REQUIRED ACTION
All lines from the one that contains "Kağıt Muffin Kalıbında" through the close of the entries below are to be repeated exactly, without any pictures.

DATA EXTRACTS
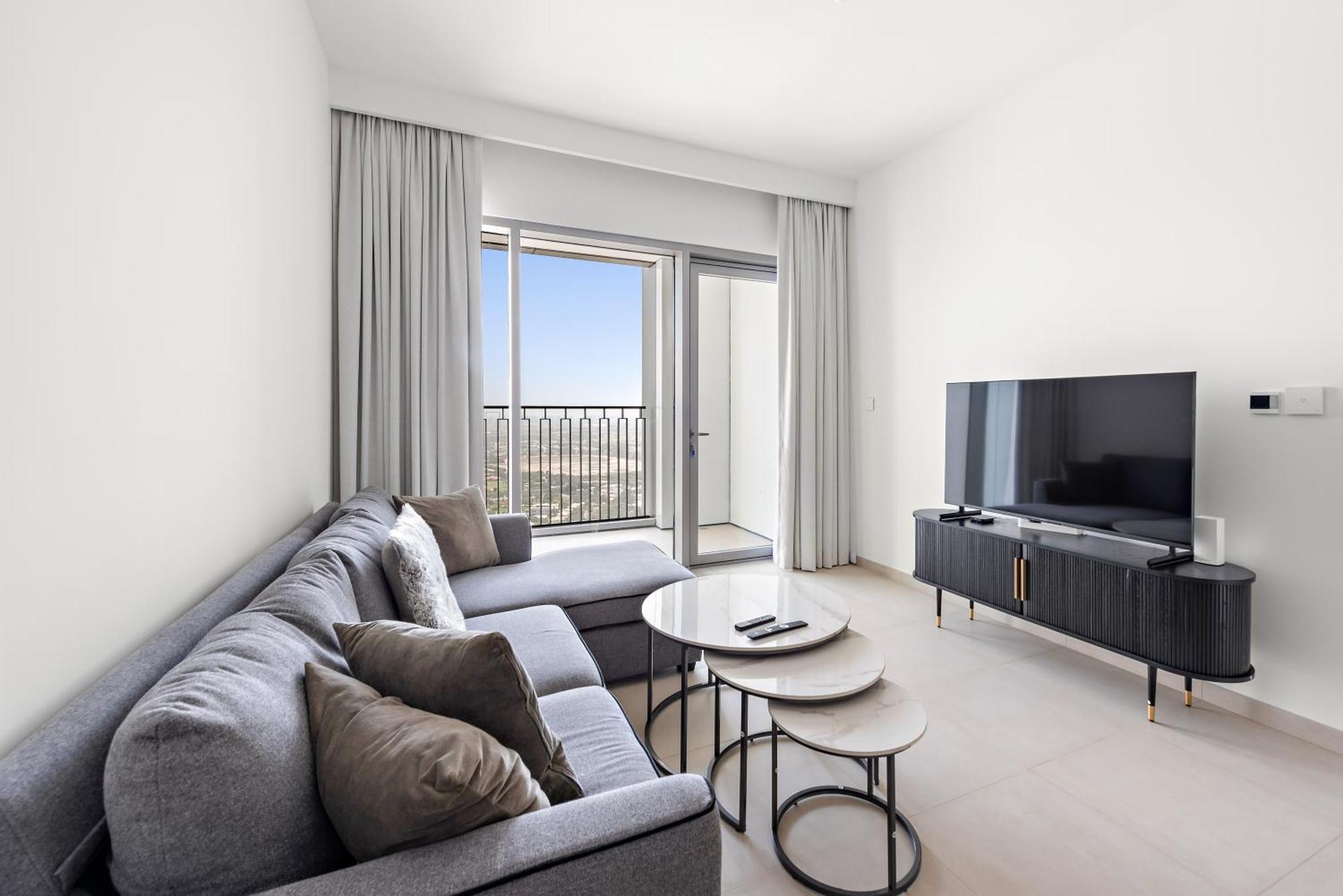 Appartement 1 Bedroom With Pool Gym Close To Metro & Mall Dubaï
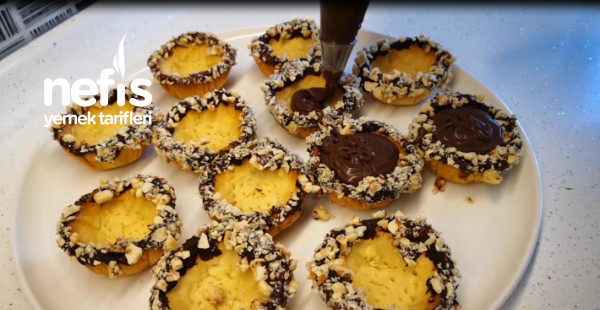 Kağıt Muffin Kalıbında Çikolatalı Tartolet – Çikolatalı Mini Tart Tarifi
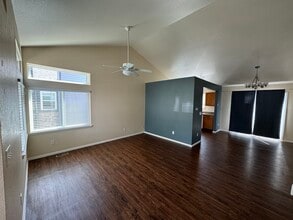 11483 Knox Ct in Westminster, CO - Foto de edificio - Building Photo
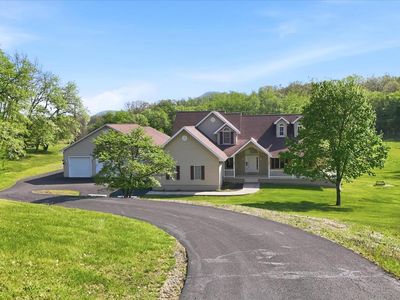 13605 McKenzie Tower Rd SW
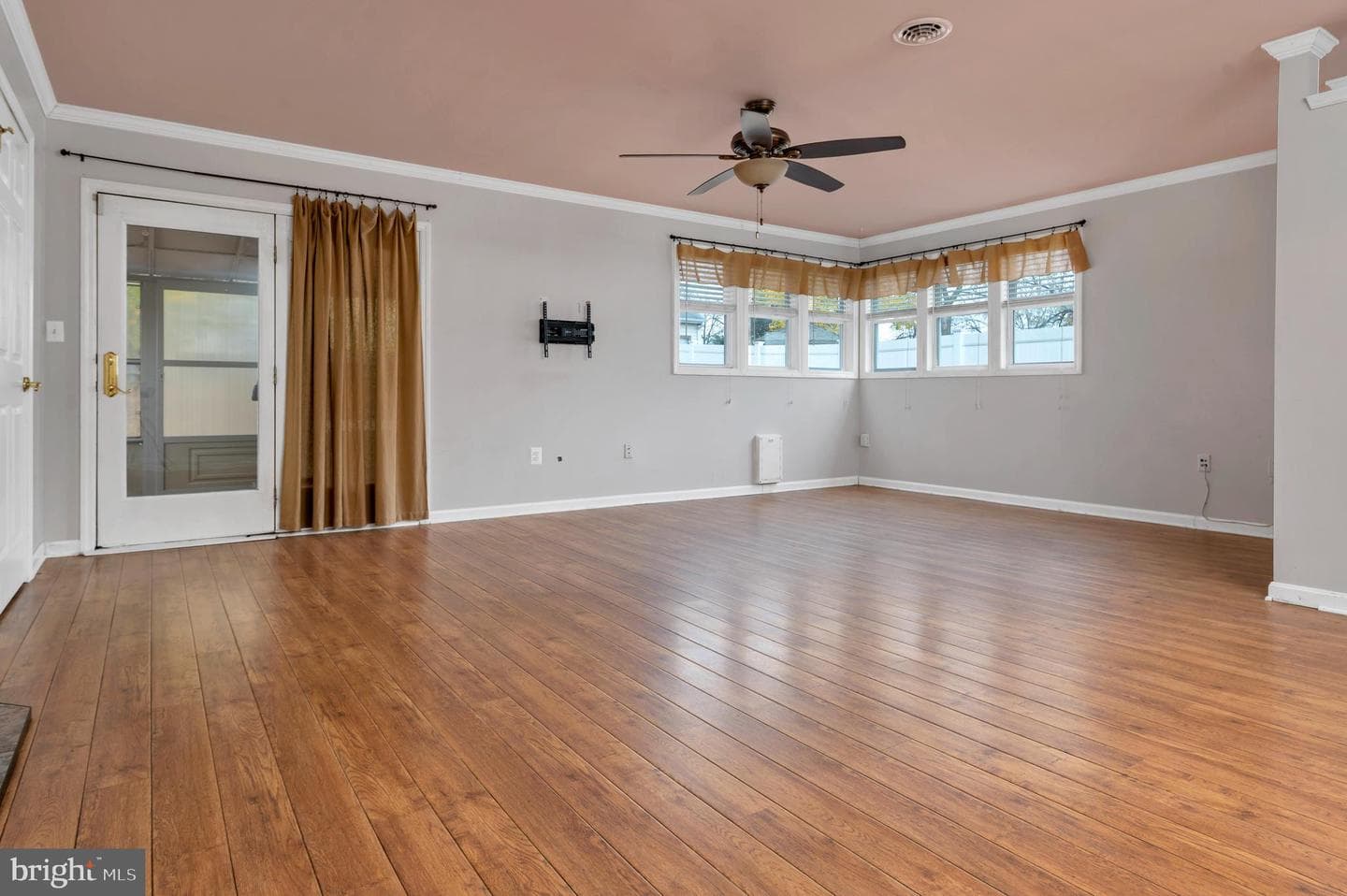 105 Garrett Road photo 26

RESULT
 Kağıt Muffin Kalıbında Çikolatalı Tartolet – Çikolatalı Mini Tart Tarifi
 11483 Knox Ct in Westminster, CO - Foto de edificio - Building Photo
 13605 McKenzie Tower Rd SW
 105 Garrett Road photo 26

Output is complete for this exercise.